Writing Efficient Programs

27 February 2024 - 3 mins read time
Tags: Programming

First Principles

Algorithm Efficiency - Clever techniques like iteration for fibonacci instead of recursion. Pay attention to time complexity. Use of efficient data structures.
Optimized Data Structures - Arrays are fast access but offer limited flexibility. Linked lists offer efficient insertion/deletion but slower in access.
Memory Management - Memory allocation and deallocation should be done cleverly to avoid leaks.
Loop optimization - Fewer loops means fewer branch instructions. Goal is to minimize no. of iterations use loop unrolling or loop fusion.
Reduce Function Calls - Minimize unnecessary function calls. Frequently used functions should be inlined.
Pointers - Use them for efficient memory access and manipulation.
Compiler Optimization - Loop unrolling, function inlining, dead code elimination
Cache Awareness - Memory in cache can be accessed faster. Memory access pattern can be optimized to maximize cache hits (but higher hits doesn’t necessarily mean better, more costly memory access should be prioritized)
Avoid premature optimization - Write code first, profile it and then optimize the bottlenecks.
Efficient libraries - Standard library functions that are usually well optimized.
Testing and Profiling - Optimize the most critical performance bottlenecks.
Platform specific optimization - Use of platform specific APIs.

Algorithm Efficiency

Time Complexity - Amount of time a program takes to execute with scaling no. of inputs.
Space Complexity - Amount of space a program occupies in memory with scaling no. of inputs.
Best, Worst, and Average Case Scenarios -
Optimality - Optimal algorithms achieve best possible time and space complexity. However, sometimes maintatining optimality becomes difficult due to other constraints.
Resource Utilization - Less CPU time, memory and network bandwidth.
Scalability - How well does it scale with growing no. of inputs.
Stability and Robustness - Should produce consistent results across different inputs and conditions.
Parallelism and Concurrency - Execute tasks in parallel and improve execution time.

Time Complexity

Amount of work done by an algorithm as a function of the size of the input.
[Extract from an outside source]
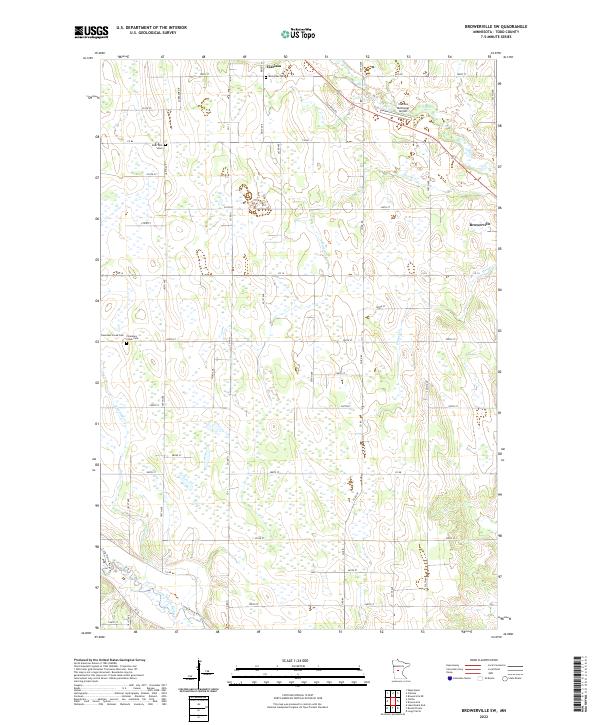 USGS Topographic Map – Browerville SW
To determine time complexity, all operations whose runtime is independent of input or output size/complexity.

Operations:

Integer addition
for(i=1;i<100;i++){A[i]=0;}

Not Operations:

for(i=1;i<\input_val;i++){A[i]=0;} //Depends on input_val
count(list) //Depends on list

Time Complexity in Increasing Order

O(1) - Constant time complexity
O(logN) - Log time complexity
O(N) - Linear time complexity
O(NlogN) - Log Linear time complexity
O(N^2) - Quadratic time complexity
O(2^N) - Exponential time complexity

Array Time Complexity

Accessing an element - O(1) because the position is known
Inserting or deleting an element - O(n)
Searching an element - O(n) because in worst case you have to look for all elements in array

Function Inlining

A Function in the code are replaced with the contents of the function. This helps overcome the overhead of the function call such as pushing arguments into the stack, jumping to the function location and returning from the function.

However, it also increases the size of the program, thereby the instructions. It should be used when the performance benefits outweight the increased code size.
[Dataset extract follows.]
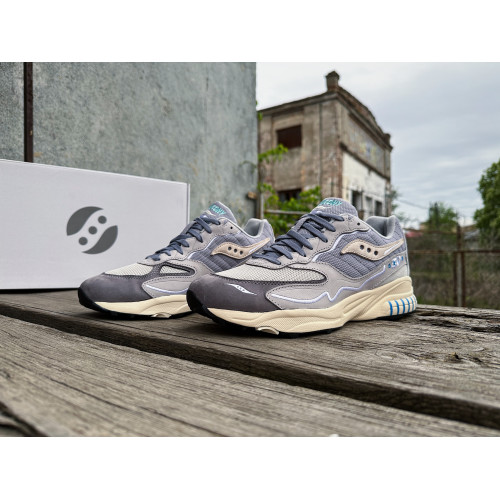 Мужские кроссовки Saucony 3D Grid Hurricane 70670-6s Grey Cream серые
Compilers usually perform inlining, however, programmers can also explicitly specificy inlining through the inline keyword in C++.

Loop Unrolling

Execution of a loop - Updating loop variable, Checking loop condition, Execute Instructions, Branching.

With loop unrolling, the number of updates, checks and branching can be reduced, leading to better performance.
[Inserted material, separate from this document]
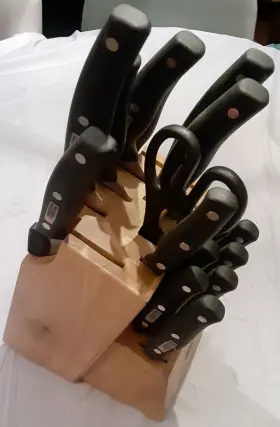 EU96M401BL01 MIRACLE BLADE Knife Set Block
Loop unrolling can help improve Instruction Level Parallelism, memory access patterns(exploting spatial locality), more efficient pipelining(fewer branches equals fewer flushing)

Loop Fusion

Take loop unrolling a bit further by merging two similar loops. 2x benefits eliminating the loop execution overhead. It can also improve cache performance if the two loops operate on the same data.

Process - Identify compatible loops, combine the bodies, eliminate redundant computations.